Актеры же частенько игнорируют это свойство нашей психики и хотят прорваться к видению сразу, без длительного и многократного "вглядывания" в предмет, обрастающего все новыми подробностями и деталями. Из подобной затеи, как правило, ничего не выходит. Герой не может заразить своими видениями окружающих, потому что его создатель - актер - не нажил их.
В одном из писем Флобер рассказывал, что, описывая самоубийство Эммы Бовари, он сам едва не умер. Ощущение страданий Эммы было у него настолько полным, что ему казалось, будто он чувствует у себя на языке вкус мышьяка.

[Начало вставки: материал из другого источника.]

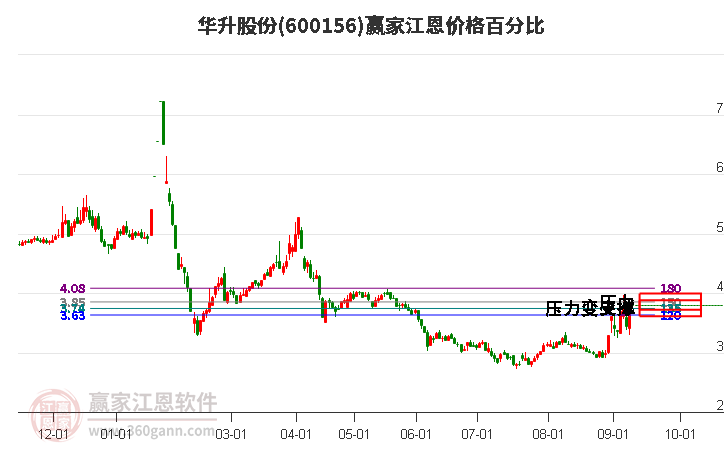 600156华升股份江恩价格百分比工具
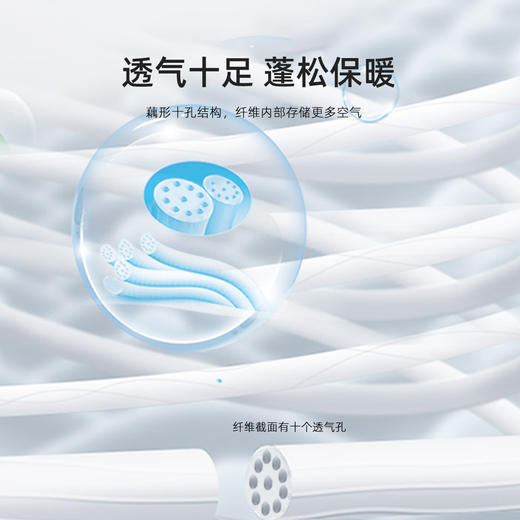 【新品主推】水星家纺云舒负离子十孔四季被床上用品 商品图2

Однажды кто-то из друзей Бальзака, зайдя к нему, застал его совсем больным: лицо его было покрыто каплями холодного пота, он тяжело и прерывисто дышал. На вопрос, что с ним, Бальзак ответил: "Ты ничего не знаешь. Сейчас умер отец Горио".
В дневнике Чайковского есть замечательная запись, сделанная композитором в день окончания последней картины "Пиковой дамы": "Ужасно плакал, когда Германн испустил дух!"
Актер должен научиться видеть все события жизни своего героя с такой же конкретностью и отчетливостью, как видел Флобер самоубийство Эммы, Бальзак - смерть отца Горио и Чайковский - гибель Германна. Эти видения должны быть как бы его личными воспоминаниями.
Вот, например, монолог Джульетты из третьего действия шекспировской трагедии. На завтра назначена свадьба Джульетты с Парисом. Монах Лоренцо, тайно обвенчавший Джульетту с Ромео, предложил ей план, с помощью которого она сможет избегнуть ненавистного брака и соединиться с бежавшим в Мантую Ромео. Она должна выпить снотворное, домашние примут ее сон за смерть и отнесут ее в открытом гробу в фамильный склеп Капулетти, а монах тем временем вызовет Ромео, который и увезет ее.